DIRECTIONS FOR THIS TASK: Your copy should repeat the data that follows exactly and contain no image.

COLLECTED DATA:
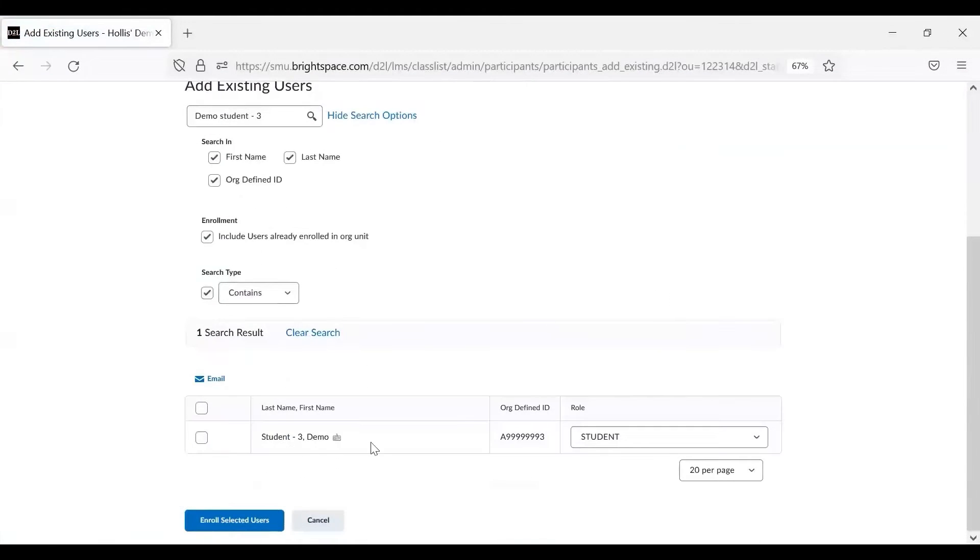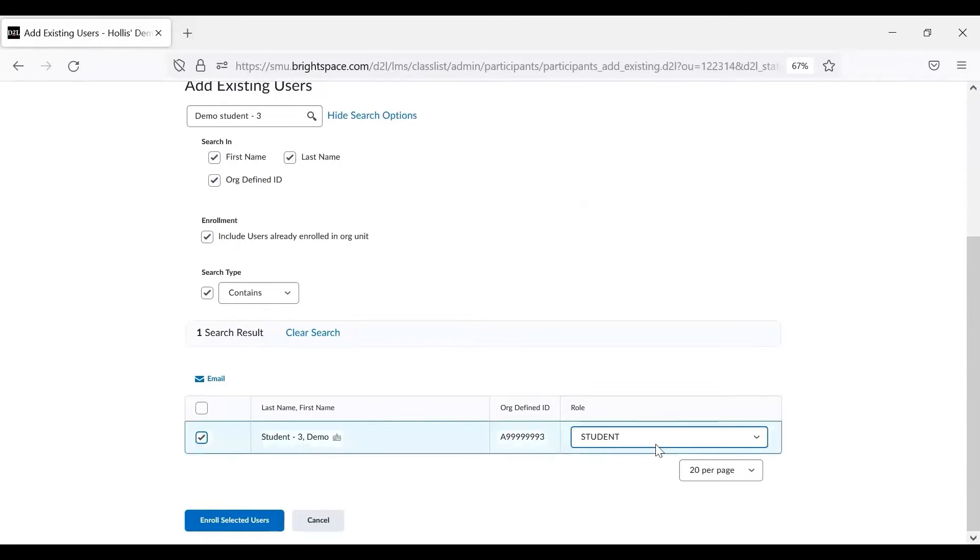Once you see the student name down in the list, click on the checkbox next to their name and then select a role for the student.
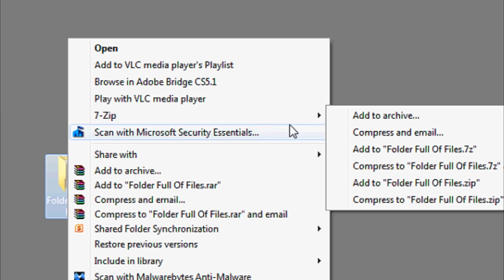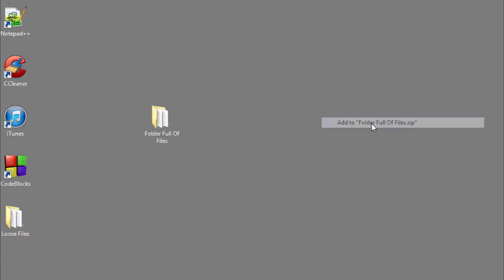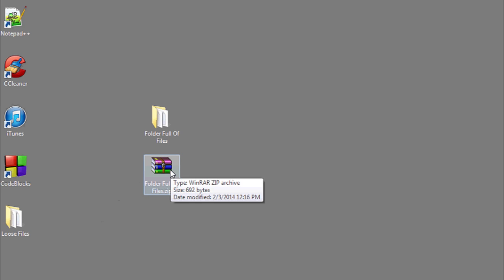For the folder in question that you want to send by email, right-click, select the 7-zip option, and then scroll over to where it says add to file name .zip. This will then compress and create a single file from your folder full of files in what's known as a .zip format.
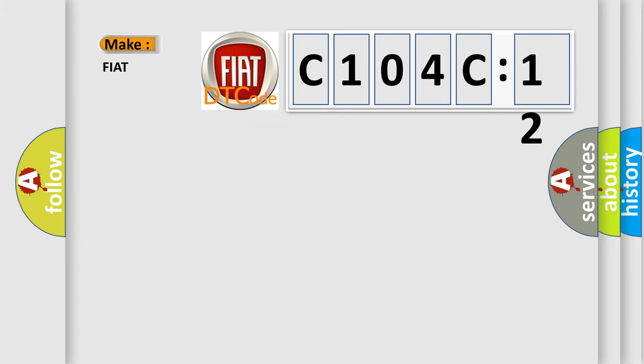So, what does the diagnostic trouble code C104C12 interpret specifically for FIAT car manufacturers?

RESPONSE TO THIS TASK:
Once you see the student name down in the list, click on the checkbox next to their name and then select a role for the student.
For the folder in question that you want to send by email, right-click, select the 7-zip option, and then scroll over to where it says add to file name .zip. This will then compress and create a single file from your folder full of files in what's known as a .zip format.
So, what does the diagnostic trouble code C104C12 interpret specifically for FIAT car manufacturers?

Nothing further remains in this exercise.